Hace ya tiempo me formé la convicción de que los profesores universitarios, lo mismo que las autoridades de nuestros planteles, tenemos responsabilidad en el hecho de que expresiones extremas de las movilizaciones estudiantiles se repitan todos los años de manera mecánica y casi como si las prolongadas suspensiones de actividades que esas movilizaciones traen consigo no tuvieran el más mínimo efecto en los procesos formativos que tienen lugar al interior de los establecimientos.

Descontados algunos docentes jóvenes que practican una mal entendida solidaridad con cualquier causa estudiantil como si todavía no se dieran cuenta de que cambiaron de estamento, descontado también uno que otro viejo profesor que azuza tales causas con la mal disimulada ilusión de que los adolescentes de hoy consigan lo que ellos no obtuvieron en sus fallidos años revolucionarios, y descontada -en fin- esa otra minoría de profesores de cualquier edad a los que todo da lo mismo porque se toman su trabajo universitario como si se tratara de una pega cualquiera, la mayoría de los docentes asistimos cada año con perplejidad y creciente fastidio al fenómeno señalado en el párrafo anterior, aunque tampoco reaccionamos, según creo, conforme podría esperarse de quienes estamos parados frente a los jóvenes en condición de profesores, una condición que, por su propia índole, no es ni puede ser de paridad.

Los profesores dejamos simplemente el problema en manos de las autoridades universitarias y, con más tiempo para avanzar en nuestros propios proyectos o en tareas profesionales, permanecemos a la espera de que los conflictos lleguen a término, casi siempre de la misma manera: con una rendición incondicional ante los grupos estudiantiles que valoran más la facilidad que la calidad y cuyos petitorios internos suelen reducirse a una disminución progresiva de exigencias curriculares, a una demanda por formación de cada vez más bajas calorías, y a intentos por acabar con toda eliminación por motivos académicos, como si el derecho a la educación incluyera el de aprobar todas las asignaturas y el de obtener una licenciatura o un título sin más requisito que permanecer matriculado en una carrera durante un cierto número de años.

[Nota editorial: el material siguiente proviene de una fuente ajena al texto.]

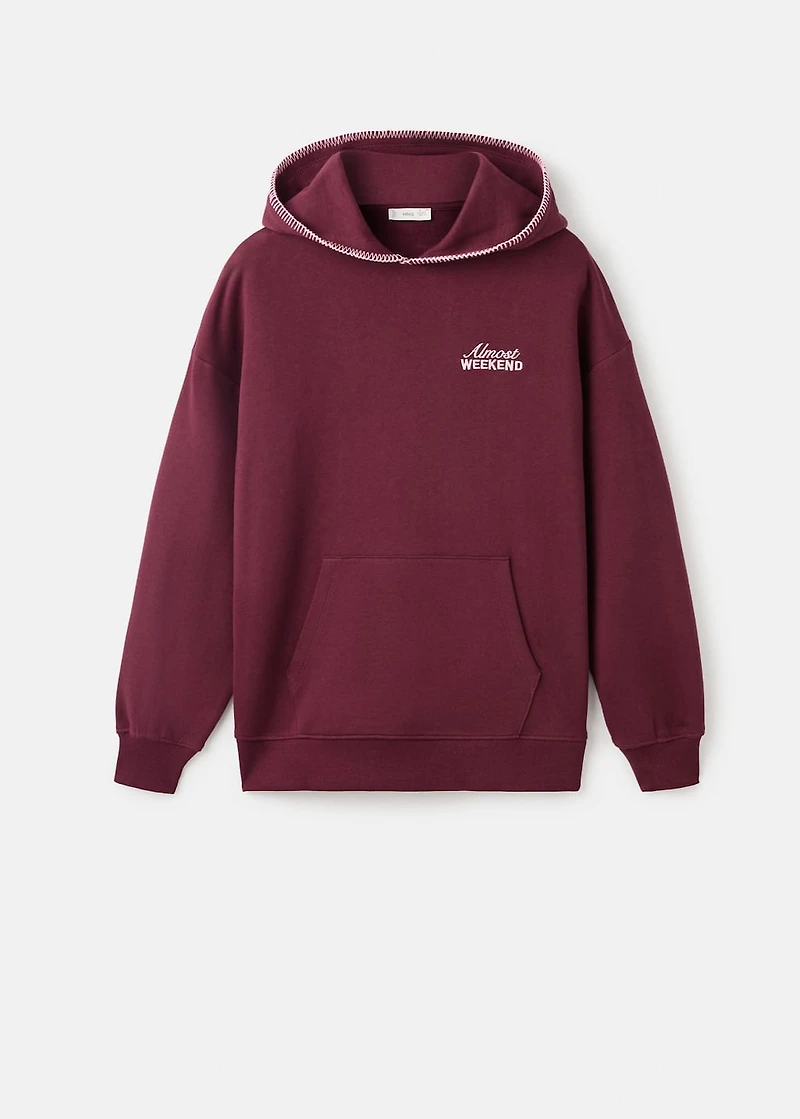 Embroidered hooded sweatshirt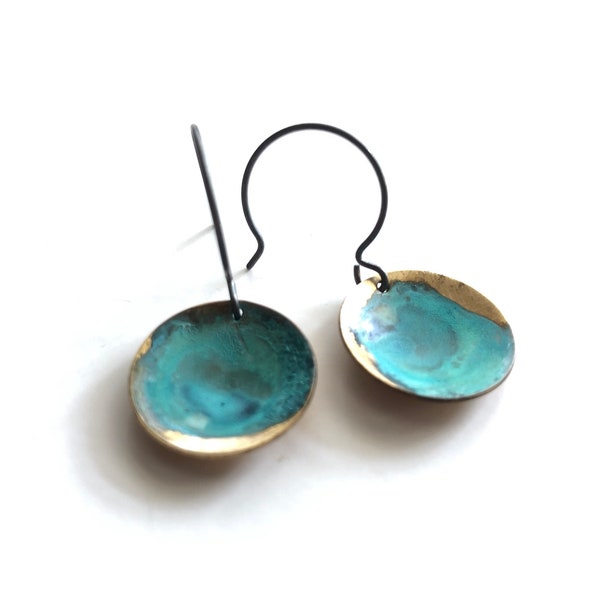 Medium Domed Verdigris Earrings E1835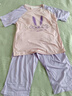 浪莎睡衣女純棉帶胸墊夏季2025新款短袖七分褲家居服套裝可外穿防走光 紫小兔 L 【建議95-115斤】 曬單實(shí)拍圖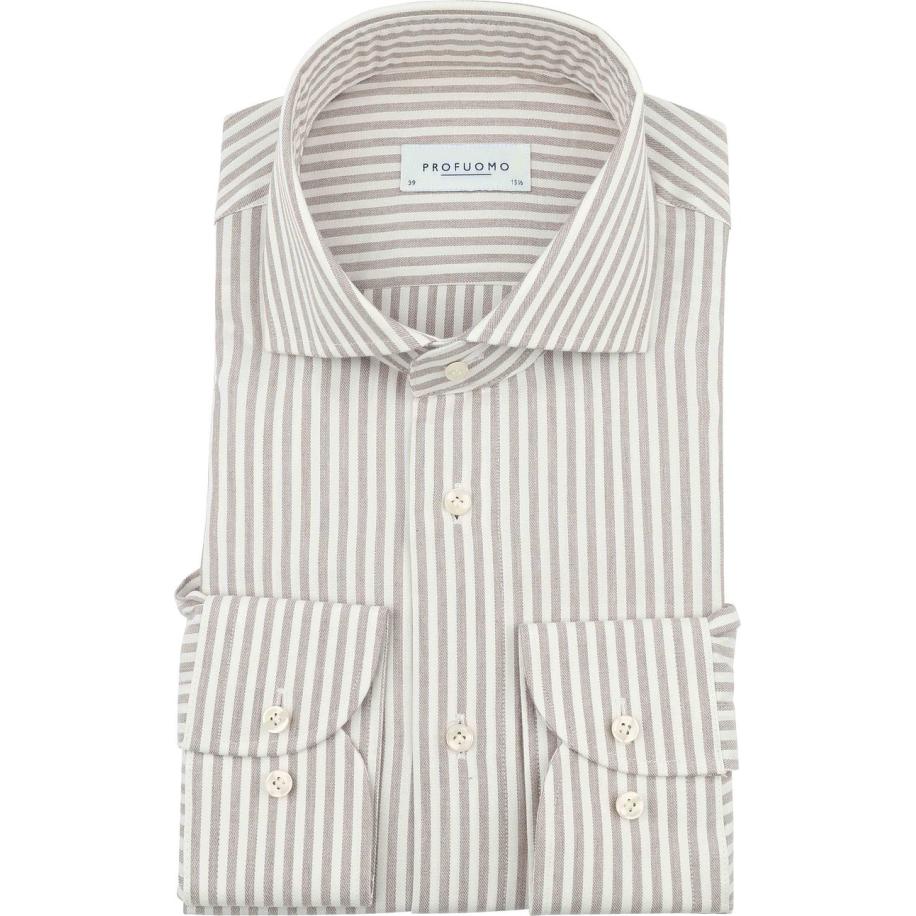Profuomo Overhemd Streep Cutaway Beige Bruin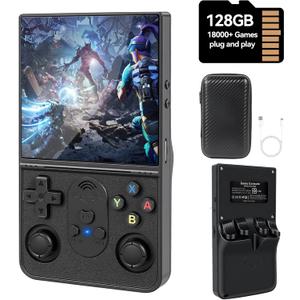 S600 Retro Handheld Game Console, 4 Inch 720p IPS Screen, 128GB with 18,000+ Pre-Installed Games, 3500mAh Battery for Long Play, Portable Linux System (Black)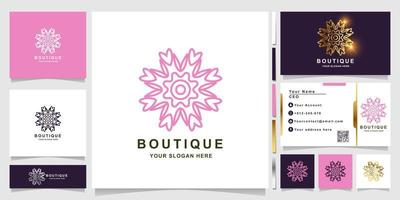 natur, blomma, boutique eller prydnad logotyp mall med visitkortsdesign. kan användas spa, salong, skönhet eller boutique logotyp design. vektor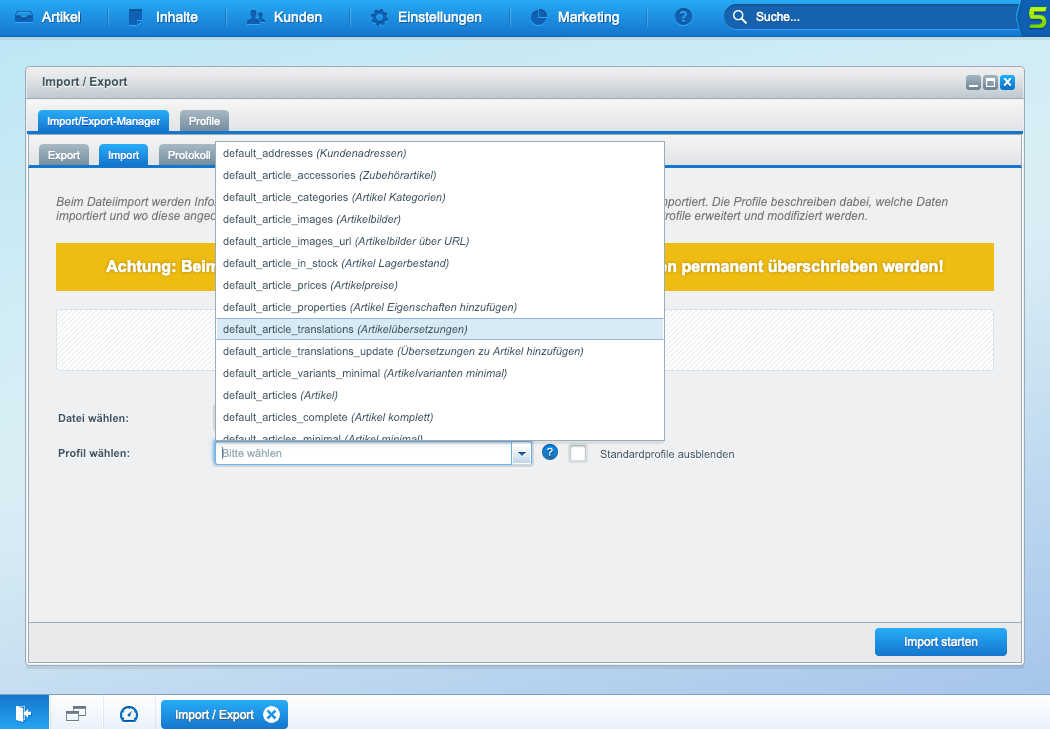 Shopware Migration Import Export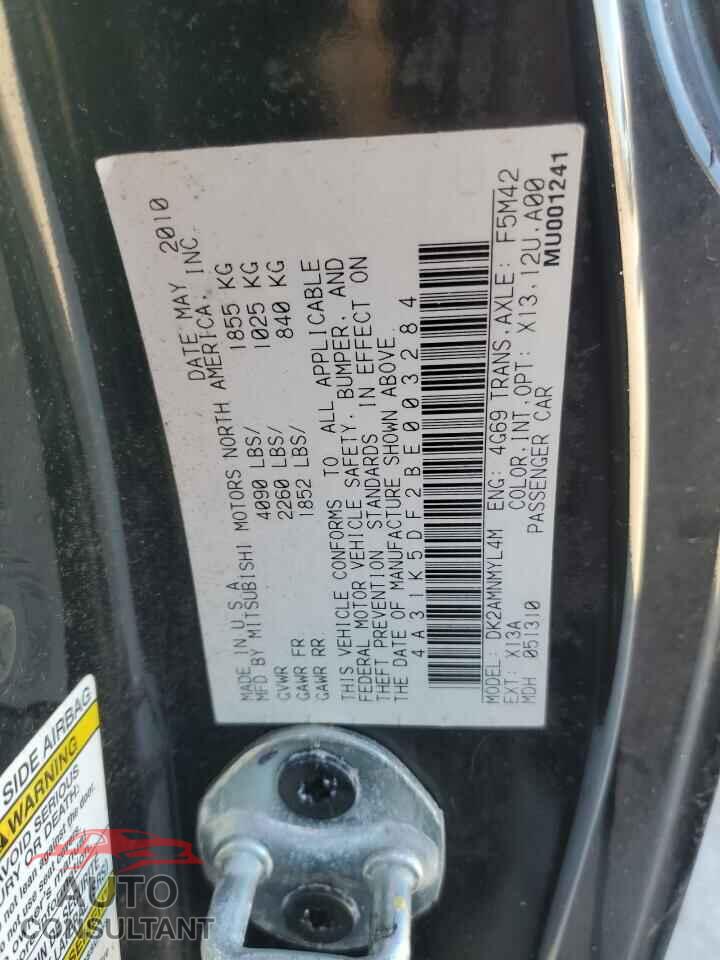 MITSUBISHI ECLIPSE 2011 - 4A31K5DF2BE003284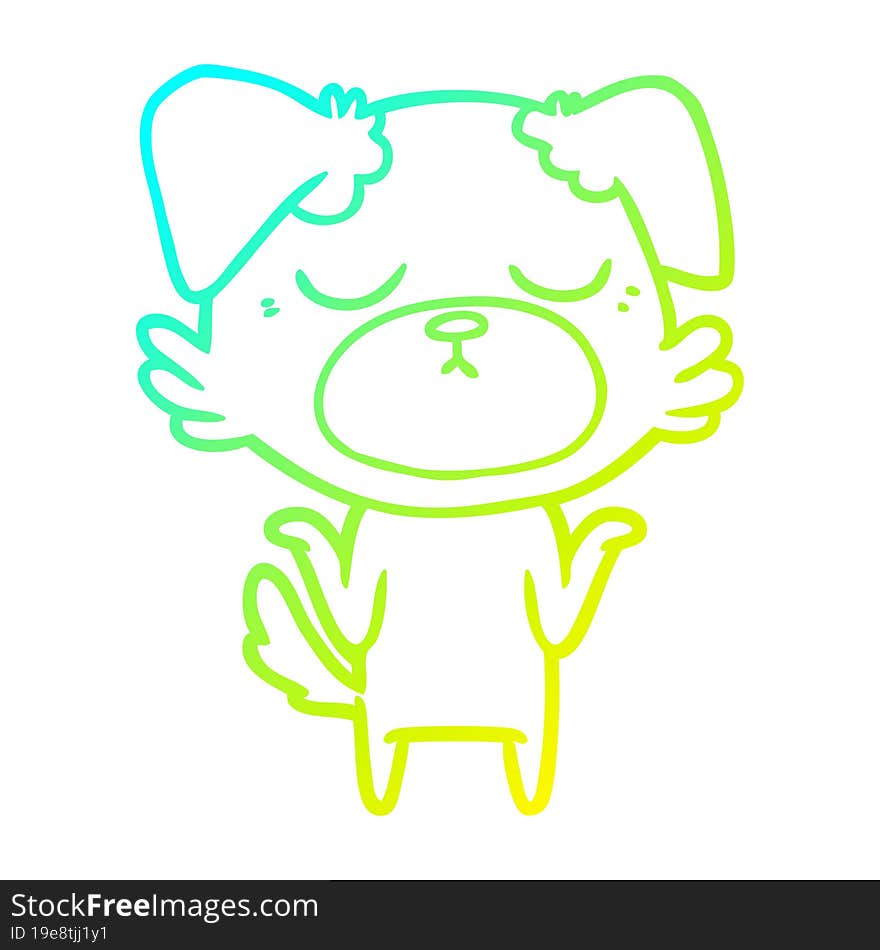 Cold Gradient Line Drawing Cute Cartoon Dog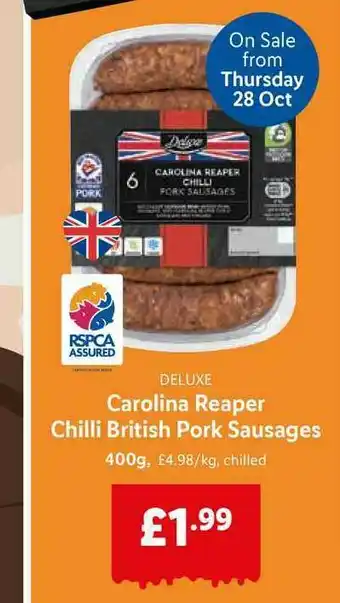Lidl Carolina Reaper Chili British Pork Sausages offer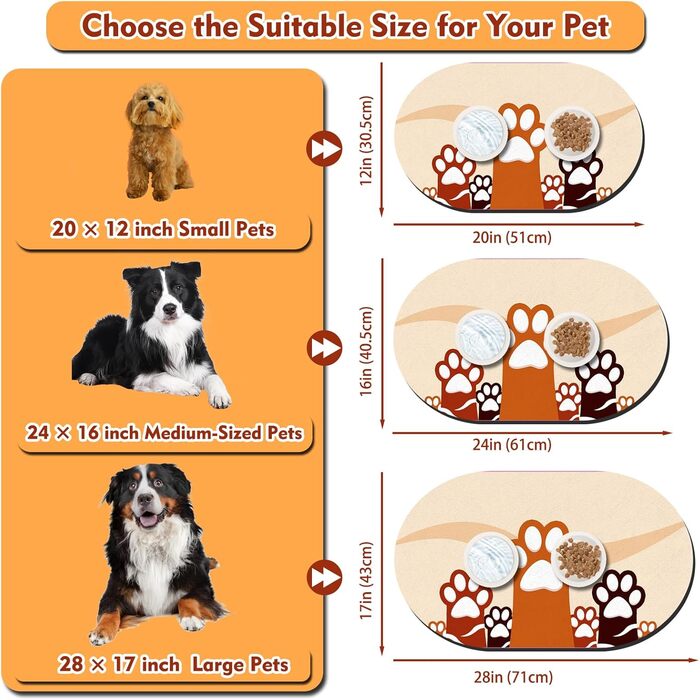 Підкладка під годівницю для собак, вбираюча, 61x40.5 см, нековзна, з гумовою основою, бежева, Paw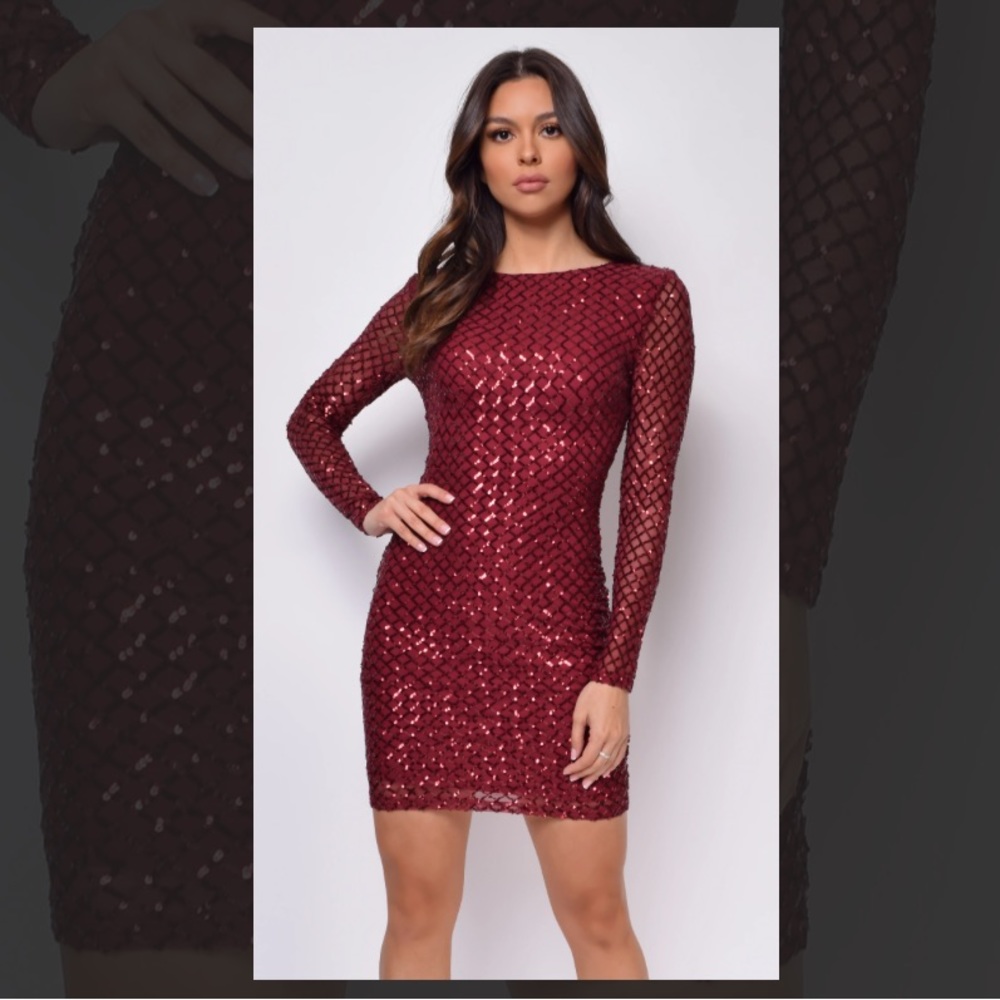 NWT EMPRADA KIMBERLY SEQUIN LONG SLEEVE COCKTAIL DRESS SIZE M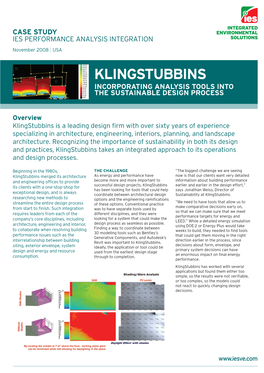 KLINGSTUBBINS Incorporating Analysis Tools Into the Sustainable Design Process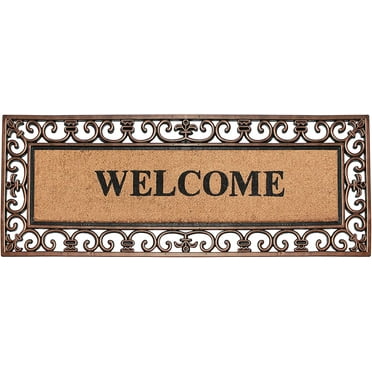 A1HC Natural Coir and Rubber Large Door Mat, Thick Durable Doormats for Entrance, Heavy Duty, Thin Profile Door Mat, Long Lasting Front Door Entry Doormat, 18"x48", Bronze Welcome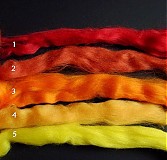- Merino vlna na plstenie /10g, H. Červeno-žlté odtiene - 839245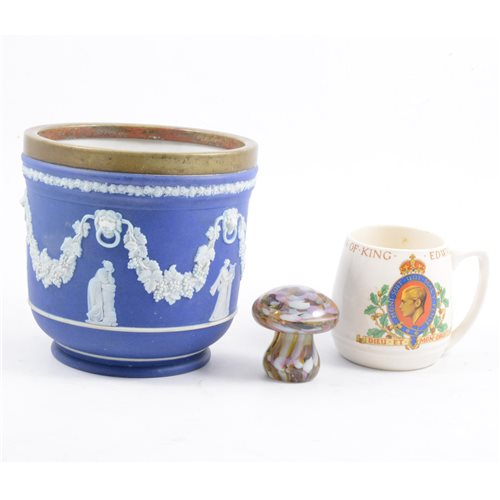 Lot 65 - Wedgwood blue jasperware jardinière, other decorative ceramics, and two glass paperweights.
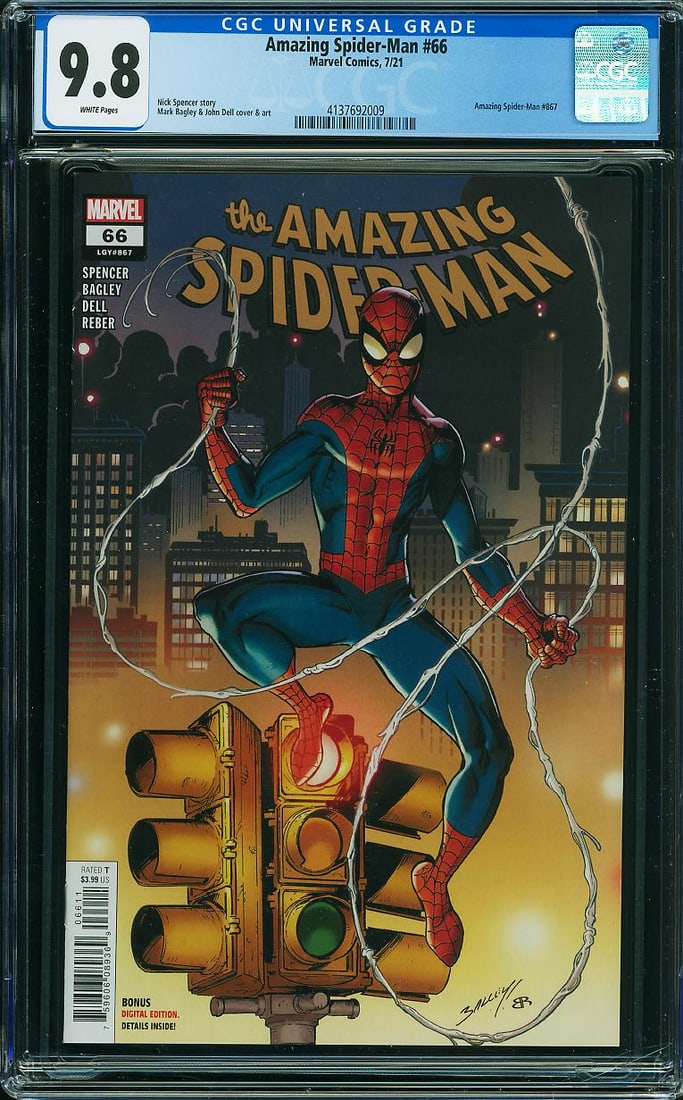 Amazing Spider-Man #66 (Marvel, 2021) CGC 9.8: HIGHEST GRADED! Amazing Spider-Man #66, published by Marvel Comics in 2021, is part of Nick Spencer's acclaimed run and serves as a key lead-in to the landmark Amazing Spider-Man #67 ("LGY #867"), beg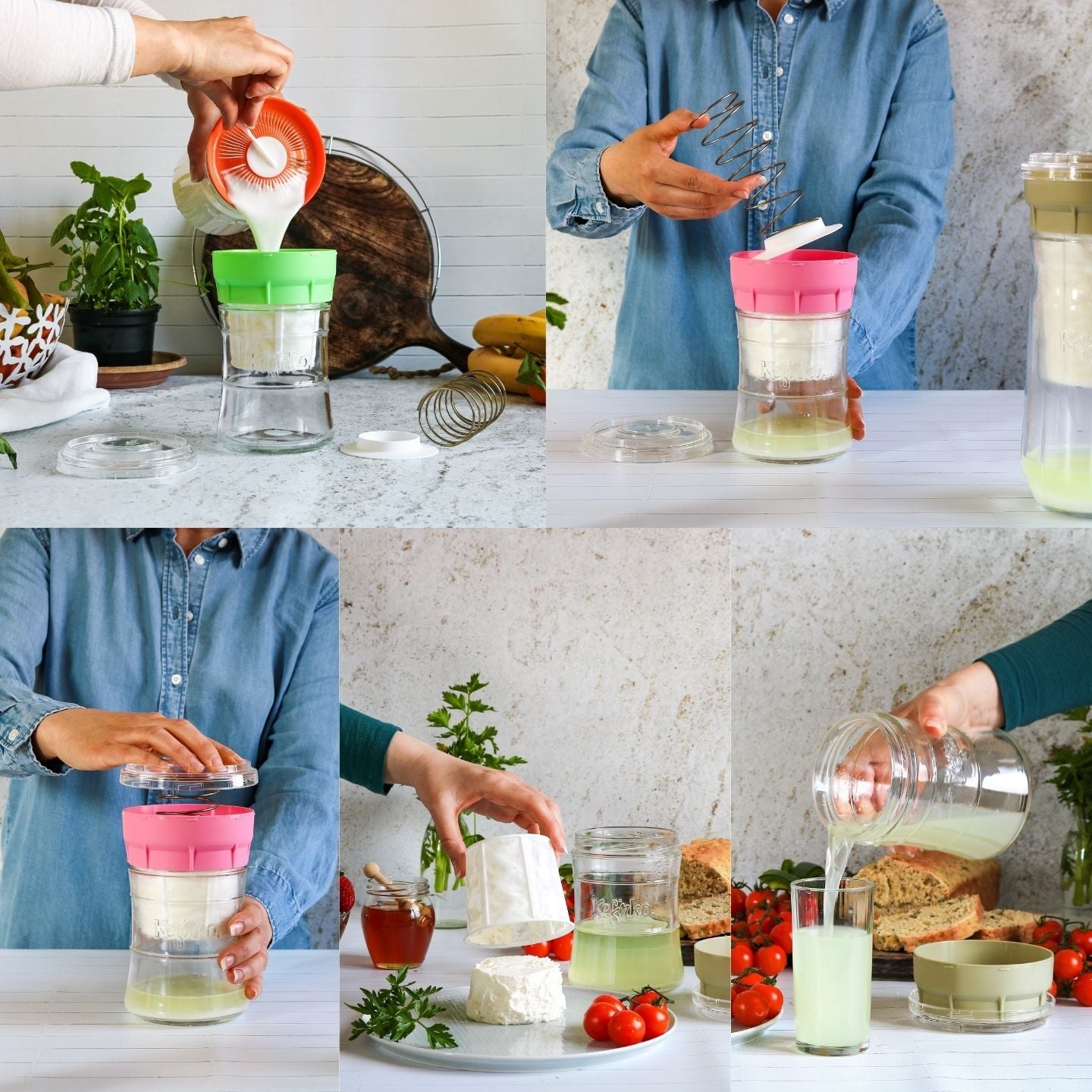 cinco fases para hacer queso casero con el kefirko cheese maker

Llevo ya casi medio siglo entrando y saliendo de las salas de clases, y a eso es a lo que veo que hemos ido llegando, poco a poco, tanto en el sector universitario público como privado, y lo que me pregunto es qué estamos haciendo los académicos a ese respecto, supuesto que no formemos parte de alguno de esos tres minoritarios y reprobables colectivos que identificamos al inicio de esta columna. Converso estas cosas con mis estudiantes una y otra vez, todos los años, con apertura, con lealtad, sin enojo, pero también con franqueza, porque entiendo que los más maduros comprenderán que sus mejores profesores no son necesariamente aquellos que les dicen al oído solo lo que ellos quieren oír.

La maquinal y ya casi ciega rutina del paro, de la toma, de la marcha, daña la eficacia de esas mismas tres manifestaciones, y ni qué decir si los paros y las marchas desembocan en esa violencia de la que ningún actor se hace responsable. Porque en cuanto a las tomas, no es que puedan desembocar en violencia, son en sí mismas violencia. Violencia que ejerce un estamento universitario, y muchas veces apenas una minoría de ese estamento sobre los otros cuyos integrantes tienen en la universidad trabajos que hacer por los que no sienten ningún alivio ni menos placer al verse forzados a no realizarlos. Y en cuanto a la rutina generalizada y ya casi exasperante de las marchas y sus epílogos siempre repetidos, han caído en ella no solo los jóvenes que las organizan sin medida, sino también los mandos públicos que las autorizan a ojos cerrados, las universidades que conceden suspensión de clases cada vez que hay una de ellas, los ciudadanos que cruzan a la vereda de enfrente, y los carabineros que según su director general podrían estar inhibidos ante la figura de los encapuchados.

Decimos que la queremos gratuita y de calidad y, entretanto, seguimos dañando gravemente a la universidad. Entonces, la pregunta no es qué hacemos con la universidad -ya tendremos una legislación al respecto-, sino qué hacemos hoy en la universidad los que continuamos siendo parte de ella.